Towards this end, we have proposed new theoretical frameworks to derive fair prices in ridehailing systems and design multimodal transportation systems. We are actively working on scheduling electric vehicle charging process using renewable energy and understanding the pricing algorithms for battery swapping problems.
Electricity markets
We are designing market mechanisms for generators and load serving entities to bid profitably and mitigate risks in markets with deep renewable integration.


Renewable energy presents a clean, economic, and environment friendly alternative to traditional sources of energy. It is also thought of as a sustainable source that can solve, or at least hedge against, any possible energy crisis that might happen due to limited fossil fuel reserves. Yet, as much benefits as renewables bring to the world, integrating renewable energy in the existent power grid introduces new challenges to the engineering and operation of the power system. One major issue that requires attention is the need to design a trading institute that can accommodate for the variability and uncertainty of supply associated with renewable energy generation. The current electricity market is designed for supplying the electricity demanded using fossil fuel and nuclear energy based generators. Existing markets can easily absorb renewable generation at small quantities. However, when the random renewable sources provide substantial portion of the demand, then the existing market structure needs to be changed to ensure reliability and smooth operations of the power grid.

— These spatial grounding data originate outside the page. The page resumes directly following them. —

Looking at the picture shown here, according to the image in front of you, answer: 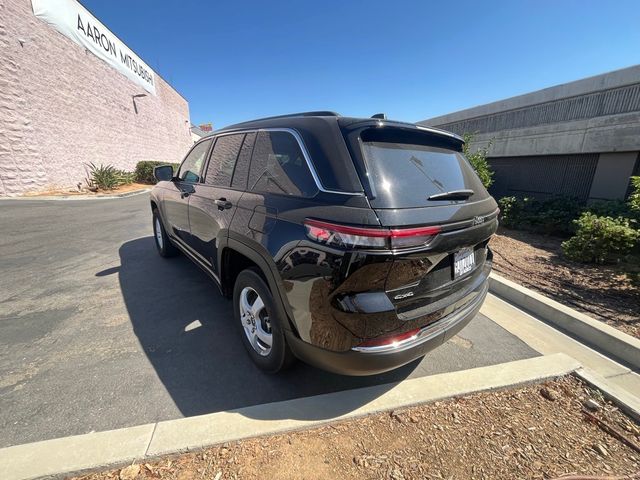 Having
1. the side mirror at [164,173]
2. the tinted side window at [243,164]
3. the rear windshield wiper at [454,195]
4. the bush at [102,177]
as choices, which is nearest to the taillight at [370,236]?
the rear windshield wiper at [454,195]

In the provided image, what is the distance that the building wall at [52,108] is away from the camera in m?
10.2

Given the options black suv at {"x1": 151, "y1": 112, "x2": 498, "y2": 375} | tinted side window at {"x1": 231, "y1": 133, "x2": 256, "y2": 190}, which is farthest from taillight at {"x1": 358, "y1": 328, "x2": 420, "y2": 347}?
tinted side window at {"x1": 231, "y1": 133, "x2": 256, "y2": 190}

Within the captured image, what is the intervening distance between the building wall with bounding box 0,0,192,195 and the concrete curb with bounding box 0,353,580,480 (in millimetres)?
13308

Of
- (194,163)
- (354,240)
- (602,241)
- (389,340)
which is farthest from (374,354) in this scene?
(602,241)

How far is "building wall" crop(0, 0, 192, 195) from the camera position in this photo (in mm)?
10242

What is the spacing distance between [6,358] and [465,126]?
42.5 feet

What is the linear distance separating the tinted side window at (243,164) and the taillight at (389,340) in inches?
61.5

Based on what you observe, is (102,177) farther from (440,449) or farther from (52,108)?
(440,449)

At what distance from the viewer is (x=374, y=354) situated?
5.52 ft

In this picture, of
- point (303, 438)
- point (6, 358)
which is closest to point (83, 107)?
point (6, 358)

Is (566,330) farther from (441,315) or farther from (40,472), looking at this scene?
(40,472)

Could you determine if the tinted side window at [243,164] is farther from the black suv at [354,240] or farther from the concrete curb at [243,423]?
the concrete curb at [243,423]

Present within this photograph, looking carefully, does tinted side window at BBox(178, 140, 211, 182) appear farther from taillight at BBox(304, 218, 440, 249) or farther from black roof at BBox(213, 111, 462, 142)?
taillight at BBox(304, 218, 440, 249)

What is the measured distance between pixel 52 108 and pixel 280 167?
1536 cm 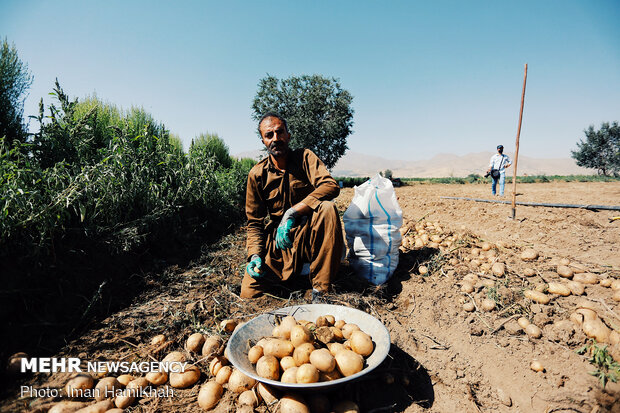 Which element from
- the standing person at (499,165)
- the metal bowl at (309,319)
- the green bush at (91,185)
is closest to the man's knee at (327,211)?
the metal bowl at (309,319)

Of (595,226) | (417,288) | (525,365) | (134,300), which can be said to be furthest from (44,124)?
(595,226)

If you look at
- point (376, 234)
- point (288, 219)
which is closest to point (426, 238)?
point (376, 234)

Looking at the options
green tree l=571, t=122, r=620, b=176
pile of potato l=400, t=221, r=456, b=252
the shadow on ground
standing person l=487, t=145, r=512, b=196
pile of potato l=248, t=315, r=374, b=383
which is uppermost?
green tree l=571, t=122, r=620, b=176

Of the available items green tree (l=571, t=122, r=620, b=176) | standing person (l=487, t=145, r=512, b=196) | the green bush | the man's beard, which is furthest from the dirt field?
green tree (l=571, t=122, r=620, b=176)

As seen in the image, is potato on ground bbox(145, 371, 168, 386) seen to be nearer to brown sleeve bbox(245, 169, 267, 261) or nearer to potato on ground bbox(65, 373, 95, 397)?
potato on ground bbox(65, 373, 95, 397)

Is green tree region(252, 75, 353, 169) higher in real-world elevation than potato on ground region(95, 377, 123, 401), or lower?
higher

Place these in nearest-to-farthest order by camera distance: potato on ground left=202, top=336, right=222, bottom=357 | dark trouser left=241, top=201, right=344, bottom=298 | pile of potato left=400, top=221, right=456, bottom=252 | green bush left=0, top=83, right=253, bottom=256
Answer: potato on ground left=202, top=336, right=222, bottom=357
green bush left=0, top=83, right=253, bottom=256
dark trouser left=241, top=201, right=344, bottom=298
pile of potato left=400, top=221, right=456, bottom=252

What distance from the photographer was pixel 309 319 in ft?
5.96

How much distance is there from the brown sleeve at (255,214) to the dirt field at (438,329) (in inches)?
17.5

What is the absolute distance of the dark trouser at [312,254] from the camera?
2223mm

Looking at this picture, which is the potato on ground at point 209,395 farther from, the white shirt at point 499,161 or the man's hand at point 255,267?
the white shirt at point 499,161

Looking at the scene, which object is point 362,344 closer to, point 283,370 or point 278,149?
point 283,370

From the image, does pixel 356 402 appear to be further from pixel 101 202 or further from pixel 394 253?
pixel 101 202

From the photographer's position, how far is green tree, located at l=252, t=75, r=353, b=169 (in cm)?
2105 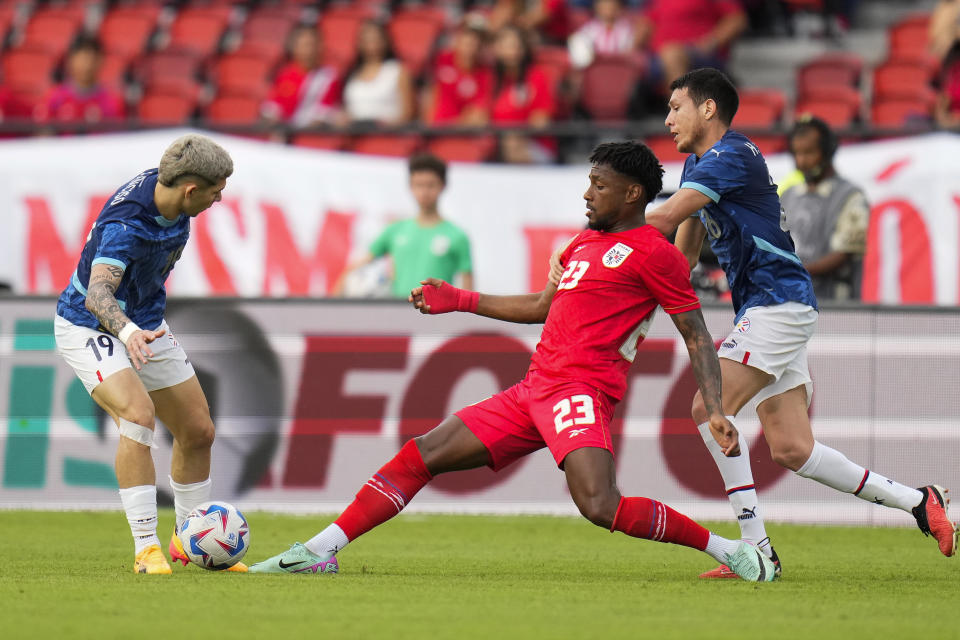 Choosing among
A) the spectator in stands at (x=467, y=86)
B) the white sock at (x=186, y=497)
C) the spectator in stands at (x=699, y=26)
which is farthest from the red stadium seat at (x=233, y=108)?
the white sock at (x=186, y=497)

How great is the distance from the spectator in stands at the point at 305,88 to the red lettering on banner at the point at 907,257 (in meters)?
5.39

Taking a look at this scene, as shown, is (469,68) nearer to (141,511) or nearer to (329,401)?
(329,401)

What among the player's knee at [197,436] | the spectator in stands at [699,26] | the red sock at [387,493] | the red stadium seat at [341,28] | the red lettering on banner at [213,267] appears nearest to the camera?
the red sock at [387,493]

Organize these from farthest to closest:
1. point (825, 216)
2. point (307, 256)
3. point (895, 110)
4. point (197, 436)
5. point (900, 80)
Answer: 1. point (900, 80)
2. point (895, 110)
3. point (307, 256)
4. point (825, 216)
5. point (197, 436)

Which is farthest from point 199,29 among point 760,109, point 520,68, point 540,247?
point 760,109

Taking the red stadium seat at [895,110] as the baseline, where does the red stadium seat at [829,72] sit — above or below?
above

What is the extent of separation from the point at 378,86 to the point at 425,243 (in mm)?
3841

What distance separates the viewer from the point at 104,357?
22.2 feet

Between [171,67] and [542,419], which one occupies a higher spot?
[171,67]

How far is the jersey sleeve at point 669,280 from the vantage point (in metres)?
6.25

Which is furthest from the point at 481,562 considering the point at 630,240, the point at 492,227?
the point at 492,227

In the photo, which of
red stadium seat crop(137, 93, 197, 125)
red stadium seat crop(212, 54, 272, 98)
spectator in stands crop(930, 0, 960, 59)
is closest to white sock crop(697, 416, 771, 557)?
spectator in stands crop(930, 0, 960, 59)

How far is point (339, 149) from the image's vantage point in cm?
1277

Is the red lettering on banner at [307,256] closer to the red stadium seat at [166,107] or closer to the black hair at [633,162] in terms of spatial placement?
the red stadium seat at [166,107] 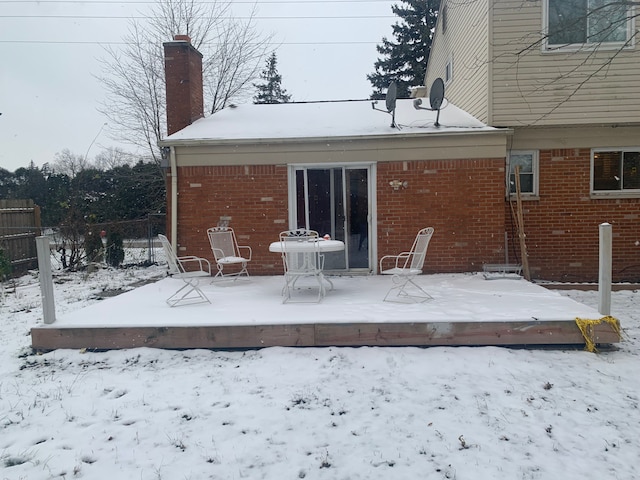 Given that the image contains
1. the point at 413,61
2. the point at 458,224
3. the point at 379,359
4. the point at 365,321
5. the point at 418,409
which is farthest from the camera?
the point at 413,61

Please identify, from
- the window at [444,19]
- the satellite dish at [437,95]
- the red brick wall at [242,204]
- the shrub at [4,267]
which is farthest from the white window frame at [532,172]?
the shrub at [4,267]

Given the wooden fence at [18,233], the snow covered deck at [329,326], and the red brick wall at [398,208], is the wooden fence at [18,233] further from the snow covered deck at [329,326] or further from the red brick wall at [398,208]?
the snow covered deck at [329,326]

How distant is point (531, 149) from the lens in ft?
29.2

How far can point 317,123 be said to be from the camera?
9586 millimetres

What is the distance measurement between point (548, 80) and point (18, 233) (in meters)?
12.4

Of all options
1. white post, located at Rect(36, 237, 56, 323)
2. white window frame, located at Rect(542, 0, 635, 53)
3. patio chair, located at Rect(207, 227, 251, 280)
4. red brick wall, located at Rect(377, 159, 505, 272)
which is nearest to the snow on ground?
white post, located at Rect(36, 237, 56, 323)

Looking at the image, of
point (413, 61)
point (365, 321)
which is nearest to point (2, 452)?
point (365, 321)

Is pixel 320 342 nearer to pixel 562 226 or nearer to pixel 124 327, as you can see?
pixel 124 327

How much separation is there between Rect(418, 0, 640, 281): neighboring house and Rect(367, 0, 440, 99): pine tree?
693 inches

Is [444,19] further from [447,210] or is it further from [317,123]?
[447,210]

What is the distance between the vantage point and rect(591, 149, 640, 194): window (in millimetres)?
8867

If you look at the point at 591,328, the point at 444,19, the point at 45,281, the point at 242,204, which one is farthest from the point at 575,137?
the point at 45,281

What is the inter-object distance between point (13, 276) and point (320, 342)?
908 cm

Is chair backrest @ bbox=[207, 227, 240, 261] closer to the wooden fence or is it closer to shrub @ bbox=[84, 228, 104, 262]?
shrub @ bbox=[84, 228, 104, 262] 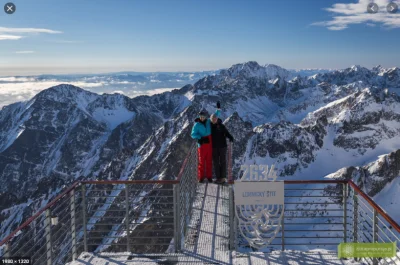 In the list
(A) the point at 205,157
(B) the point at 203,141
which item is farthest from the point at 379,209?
(A) the point at 205,157

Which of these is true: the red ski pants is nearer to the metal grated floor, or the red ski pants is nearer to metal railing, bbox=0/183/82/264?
the metal grated floor

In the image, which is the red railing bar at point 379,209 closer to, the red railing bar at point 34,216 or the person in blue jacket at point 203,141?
the person in blue jacket at point 203,141

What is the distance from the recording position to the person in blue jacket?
13438 mm

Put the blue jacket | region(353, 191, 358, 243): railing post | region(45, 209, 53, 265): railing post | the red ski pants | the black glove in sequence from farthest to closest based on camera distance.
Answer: the red ski pants < the black glove < the blue jacket < region(353, 191, 358, 243): railing post < region(45, 209, 53, 265): railing post

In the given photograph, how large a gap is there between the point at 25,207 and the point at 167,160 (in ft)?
247

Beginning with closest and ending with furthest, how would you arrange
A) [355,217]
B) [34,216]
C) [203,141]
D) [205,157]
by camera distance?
[34,216] → [355,217] → [203,141] → [205,157]


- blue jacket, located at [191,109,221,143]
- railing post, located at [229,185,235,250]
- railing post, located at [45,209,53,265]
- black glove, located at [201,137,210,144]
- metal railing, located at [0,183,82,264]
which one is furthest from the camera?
black glove, located at [201,137,210,144]

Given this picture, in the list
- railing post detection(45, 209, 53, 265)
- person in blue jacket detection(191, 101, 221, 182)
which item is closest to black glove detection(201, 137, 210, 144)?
person in blue jacket detection(191, 101, 221, 182)

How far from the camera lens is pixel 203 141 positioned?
1359 cm

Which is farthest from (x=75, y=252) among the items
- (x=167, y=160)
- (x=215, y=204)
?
(x=167, y=160)

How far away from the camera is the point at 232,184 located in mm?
9438

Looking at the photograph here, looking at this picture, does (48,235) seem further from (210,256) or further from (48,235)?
(210,256)

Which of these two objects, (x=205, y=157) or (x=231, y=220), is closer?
(x=231, y=220)

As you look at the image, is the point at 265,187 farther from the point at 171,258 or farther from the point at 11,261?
the point at 11,261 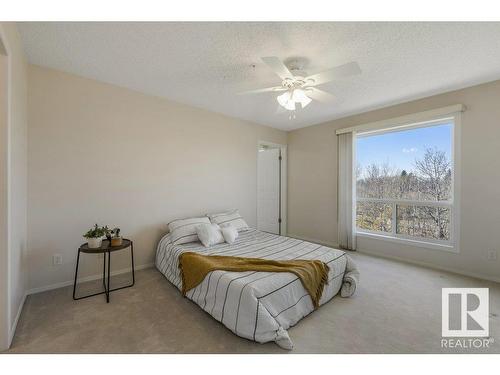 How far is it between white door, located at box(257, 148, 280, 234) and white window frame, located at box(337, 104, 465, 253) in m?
1.87

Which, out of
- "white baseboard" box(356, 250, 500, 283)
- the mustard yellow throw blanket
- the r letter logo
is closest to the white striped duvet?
the mustard yellow throw blanket

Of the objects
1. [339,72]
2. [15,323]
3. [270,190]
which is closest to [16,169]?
[15,323]

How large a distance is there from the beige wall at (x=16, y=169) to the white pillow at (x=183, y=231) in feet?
4.67

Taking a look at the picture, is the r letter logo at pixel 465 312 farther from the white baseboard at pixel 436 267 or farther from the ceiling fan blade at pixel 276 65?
the ceiling fan blade at pixel 276 65

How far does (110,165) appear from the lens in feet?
9.20

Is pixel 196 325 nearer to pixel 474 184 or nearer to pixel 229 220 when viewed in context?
pixel 229 220

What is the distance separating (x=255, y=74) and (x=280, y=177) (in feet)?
9.32

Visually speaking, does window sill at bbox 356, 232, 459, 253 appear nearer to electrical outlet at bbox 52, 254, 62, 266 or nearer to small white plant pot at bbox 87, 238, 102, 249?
small white plant pot at bbox 87, 238, 102, 249

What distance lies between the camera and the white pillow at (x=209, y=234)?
285 centimetres

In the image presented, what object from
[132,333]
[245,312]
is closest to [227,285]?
Answer: [245,312]

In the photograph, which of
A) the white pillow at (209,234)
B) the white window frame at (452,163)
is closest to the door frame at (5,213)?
the white pillow at (209,234)

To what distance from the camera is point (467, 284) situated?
265cm

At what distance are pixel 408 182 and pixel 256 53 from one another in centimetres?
312

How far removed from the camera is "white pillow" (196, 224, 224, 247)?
9.34ft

Accordingly, the purpose of our research is to design innovative market mechanisms that take into consideration the stochastic nature of renewable generation and build on the current structure of electricity market. Also, these new mechanisms can mitigate the high imbalance costs associated with deeper levels of renewables integration.
We use techniques like stochastic programming and results from auction theory to design such a mechanism, where the generator can compensate any shortfall in generation and still make positive payoffs. In this process, the generator designs an efficient allocation rule that results as a solution to a twostage stochastic program where the objective is to maximize the social welfare function, which is composed of the sum of buyers’ valuations and the expected cost of compensating shortfall incurred by the generator. It turned out that the optimal contracted amount is a function of the inverse CDF of the renewable energy. We showed that this allocation function along with a Myerson’s payment rule can elicit truthful bidding from buyers.
Energy optimization of connected autonomous vehicles
We are designing reinforcement learning based methods for optimizing fuel consumption of autonomous vehicles. The key idea is to exploit the V2V and V2I information to compute best velocity profile to minimize fuel consumption.